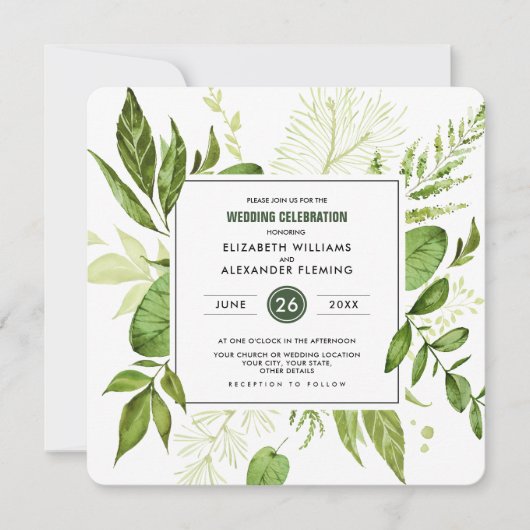 Green Black Botanical Waterverf Wedding Kaart (Voorkant)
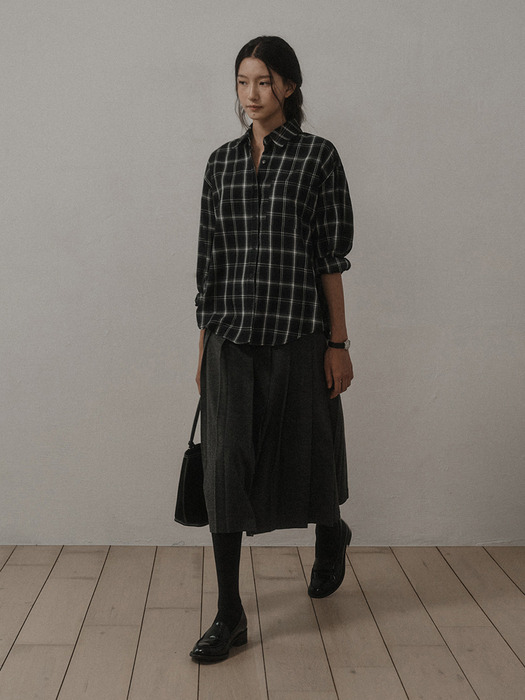 NEW WOOL PLEATS SKIRT (BELT SET)_Charcoal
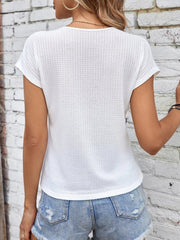 V-Neck Cap Sleeve Blouse - Cute Little Wish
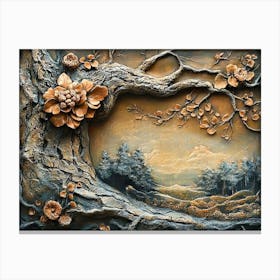 3d Painting Of Lifelike Tree And Woodland Beauty Of Natural Landscapes Canvas Print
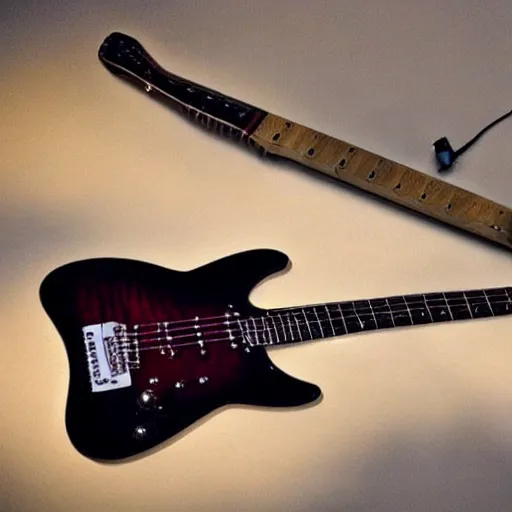 Image similar to an electric guitar entirely made out of other guitars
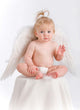 Adorable baby with angel wings on white Wall Decal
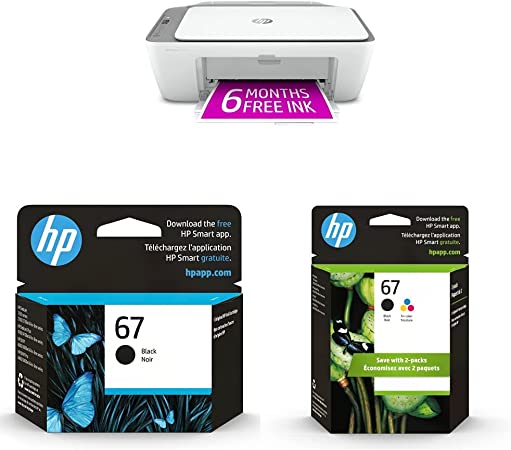 HP DeskJet 2755e Wireless Color All-in-One Printer & 67 Black Ink Cartridge | 3YM56AN & 67 Black/Tri-Color Ink Cartridges | 3YP29AN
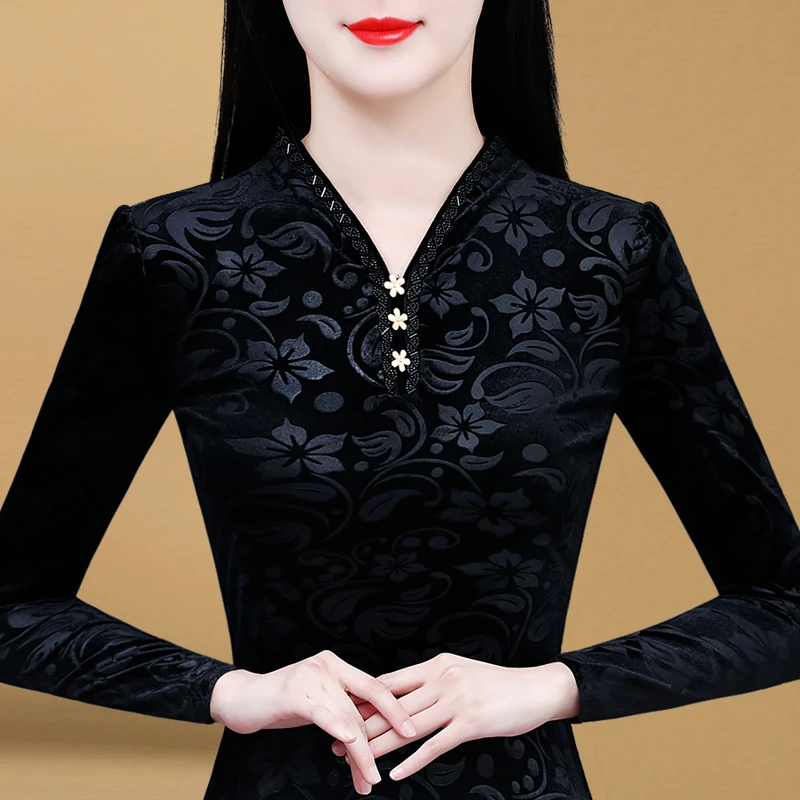 562#蕾丝打底衫女洋气新款低领内搭时尚加绒保暖长袖小衫修身潮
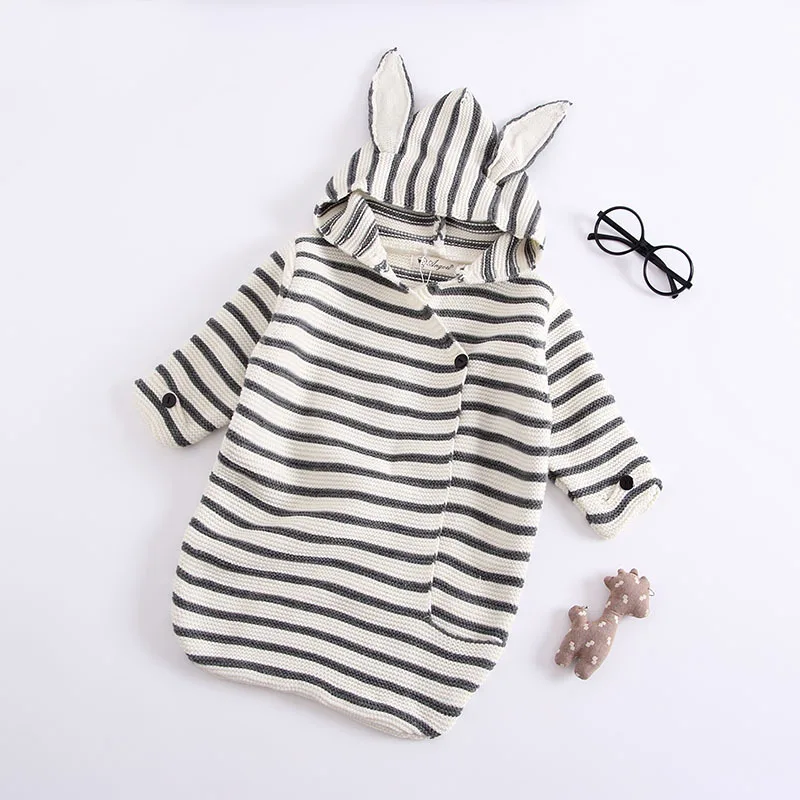Новинка 2018 детские комбинезоны одеяло в черно-белую полоску для девочек и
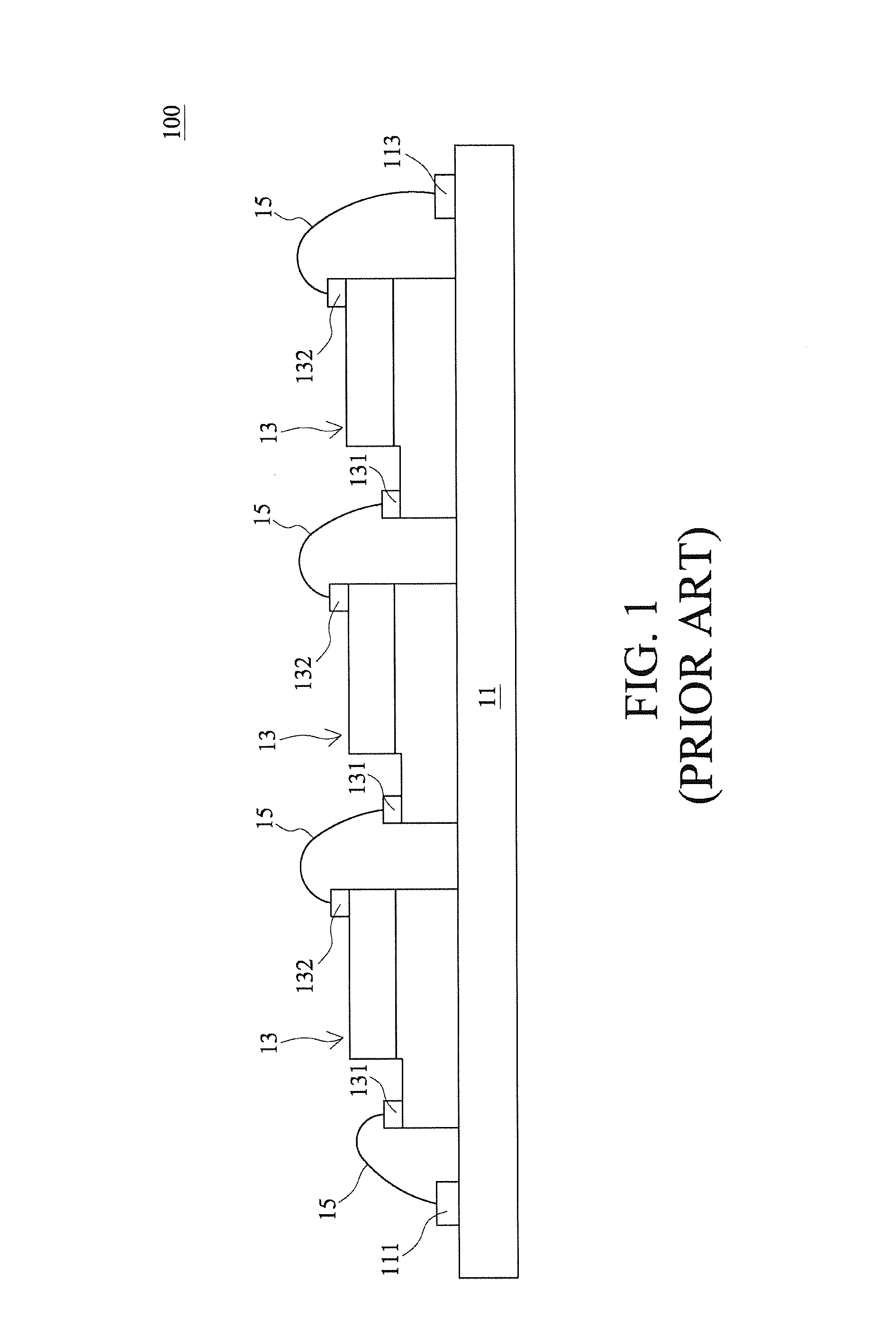 Stacked light emitting diode array structure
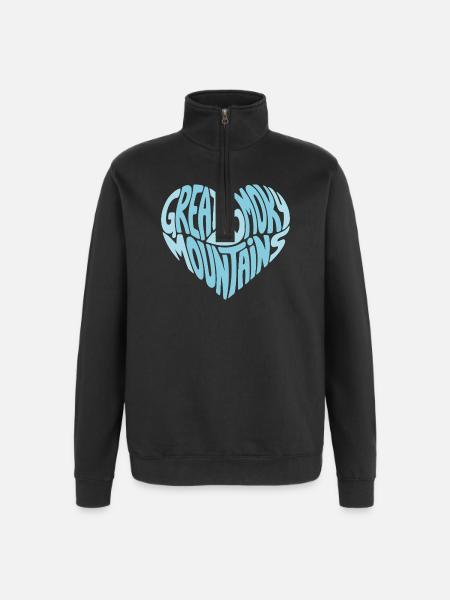 Great Smoky Mountains Herz - Quarter-Zip-Sweatshirt - Schwarz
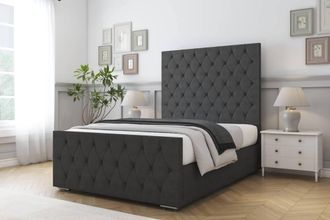 Comfort Beds Florida Dumfries Bed Frame - 50 Upholstered Headboard in Dark Grey | Size: King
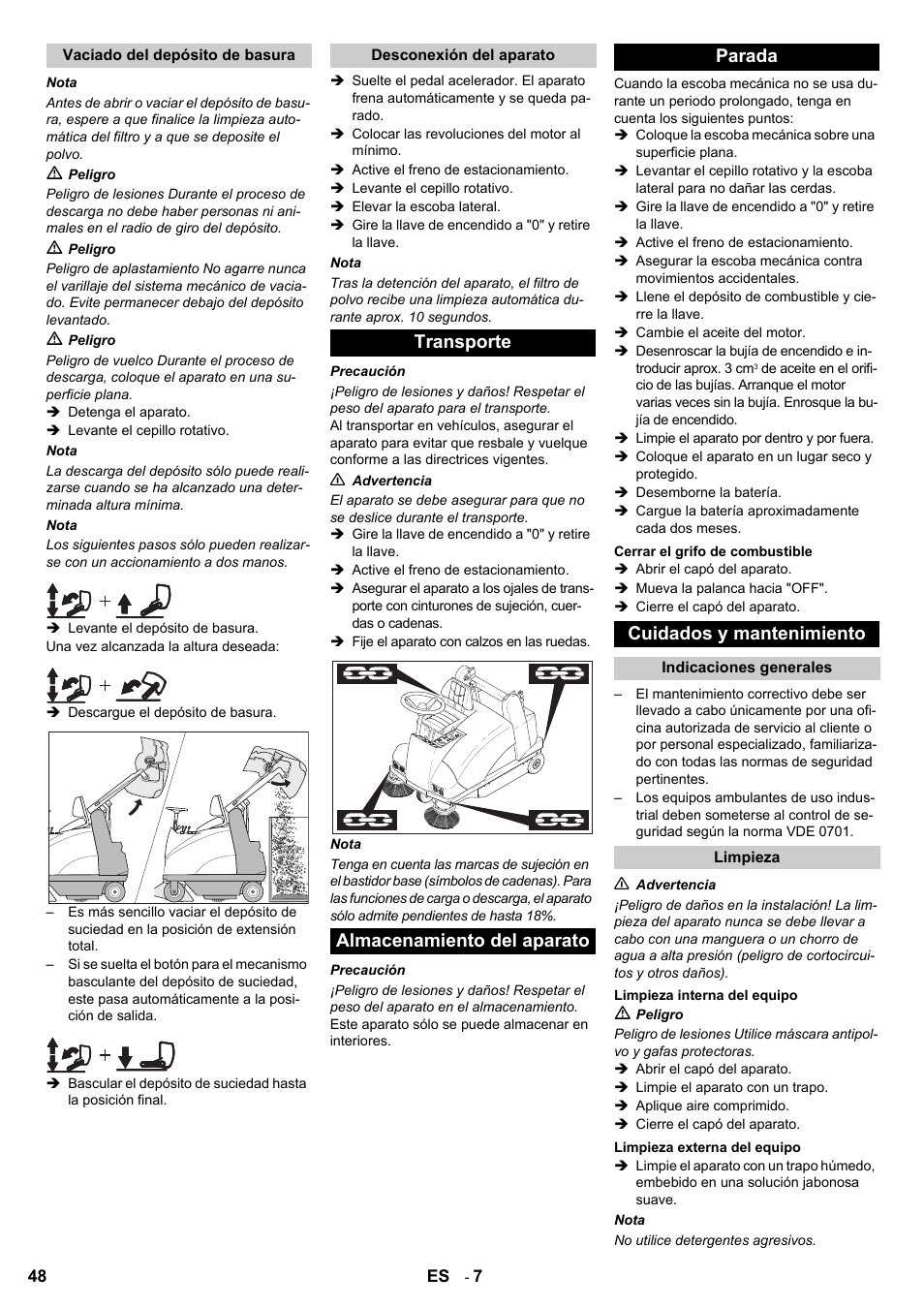 Transporte almacenamiento del aparato parada, Cuidados y mantenimiento | Karcher KMR 1250 Lpg User Manual | Page 48 / 144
= = = =
Leaving out every picture, repeat exactly the lines of the records from the start through the line that has "562#蕾丝打底衫女洋气新款低领内搭时尚加绒保暖长袖小衫修身潮".

 Green Black Botanical Waterverf Wedding Kaart (Voorkant)
 NEW WOOL PLEATS SKIRT (BELT SET)_Charcoal
 V-Neck Cap Sleeve Blouse - Cute Little Wish
 3d Painting Of Lifelike Tree And Woodland Beauty Of Natural Landscapes Canvas Print
 Image similar to an electric guitar entirely made out of other guitars
 Adorable baby with angel wings on white Wall Decal
 HP DeskJet 2755e Wireless Color All-in-One Printer & 67 Black Ink Cartridge | 3YM56AN & 67 Black/Tri-Color Ink Cartridges | 3YP29AN
 562#蕾丝打底衫女洋气新款低领内搭时尚加绒保暖长袖小衫修身潮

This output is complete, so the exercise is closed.